My wife is a Catholic who teaches yoga, and I can tell you that her classes — as most yoga classes — are about as religious as, say, racquetball.

But, still, evangelical Christians around the country keep trying to paint yoga as something religious and alien to their conception of America’s (read: Christian) “way of life.” Yes, yoga’s roots are in ancient Indian Hinduism, but as the art is generally practiced in present-day America by soccer moms, harried executives, Baby Boomers, Millennials, etc., it’s all about secular stuff: mindfulness, relaxation, stretching and health.
Even atheists do it, for God’s sake.
But, still, this silly bias persists nationwide and has for a while.
For instance, the Alabama State Board of Education’s administrative code has, for religious reasons, banned yoga for more than 25 years in grades K-12, according to AL.com.
Keep in mind that a 2018 USA Today ranking of U.S. educational facilities reported that Alabama, ranked 43rd at the time, had “one of the worst performing public school systems in the country.”
Alabama’s anti-yoga code, defining the practice as a “Hindu philosophy and method of religious training … that allegedly facilitates the development of body mind spirit,” states:
“School personnel shall be prohibited from using any techniques that involve the induction of hypnotic states, guided imagery, meditation or yoga.”
The code further directs school officials to “take great care to emphasize” to students that not abiding by this and other laws “is not appropriate in a civilized society” and “is highly likely to result in harmful consequences to the health of a person.”
What this curiously coercive language tells me is that Alabama is terrified that its children might learn something even only religious-like in school that is not Christianity, especially if kids are taught to do anything remotely meditative or, say, prayerful. It’s ignorance enfolded with paranoia.
In truth, yoga is a widely varied, thousands-of-years-old cornucopia of physical, mental and spiritual practices originating in India, and one of six orthodox schools of Hindu philosophical traditions. Some yoga practices focus entirely on physical postures, stretching and relaxation.
However, whereas some yoga aficionados undoubtedly practice more religious versions of the art, most yoga classes in America — as in schools and universities — are laser focused on challenging postures, stretching and relaxing, which are all practical, not religious, meditative and physical techniques.
Of course, religious-style yoga as well as mystical Christianity train practitioners to reach deep states of meditative detachment in which gurus hope to find “nirvana” (a sense of one-ness with the universe) and Christian monks hope to touch the face of God.
But in modern America, yoga enthusiasts are generally just hoping to touch their toes. They couldn’t tell you the difference between sanscrit and the third eye.

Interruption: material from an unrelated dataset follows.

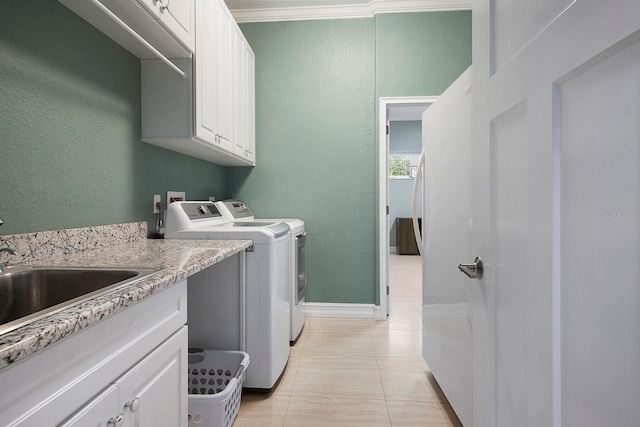 laundry area with sink, cabinets, separate washer and dryer, crown molding, and light tile patterned floors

The latest iteration of this anti-yoga nonsense is in Cobb County, Georgia, where Bonnie Cole, an elementary school assistant principal who in 2016 was harassed and reassigned to a far distant, lower-performing school because local Christian parents objected to the yoga-based relaxation techniques she and other teachers were teaching to help students deal with stress. Cole filed suit.
This month, the Cobb school board voted 4-3 to settle the suit out of court with a $150,000 payment to Cole for back pay and court costs, to end the matter and release the board from further liability.
Board member Randy Scamihorn, who voted against settlement, chastised the board for caving and contended it did “absolutely nothing wrong” in reassigning Cole to an inferior school that added an hour a day to her commute because Christian citizens complained.
Although Scamihorn claims the reassignment “had nothing to do with religion” and was simply executed to restore order to the school, the impetus for the board’s action was protesting Christian parents, some of whom prayed outside Cole’s office to call attention to what they viewed as alien yoga religion.
The school board should have rebuffed the indefensible protest and backed its assistant principal.
Curiously, the school district argued that because Cole, ironically a practicing Christian, employed techniques in her yoga classes that “were not at all religious in nature,” she was not protected in her suit under the Constitution’s First Amendment clause governing religious freedom.
A judge decided in March to allow the case to proceed, whereupon the school board ultimately caved.
To give a sense of how Christian organizations feel about yoga, here is a passage from the Christian Apologetics & Research Ministry in answer to the question: “Should Christians practice yoga?”
“No, Christians should not practice yoga since the intention of yoga is a path to attain salvation through union with a false deity. Some Christians practice yoga and say that all Christians can practice yoga. But that is incorrect. Christians should not be involved in any meditative methodology that deals with energy balancing, focused energy movement, chakras, etc. of which yoga advocates.”
The danger, of course, is that if anyone gets too relaxed and deep into their own thoughts for too long, they may accidentally, without Christianity or any other religion, feel divine.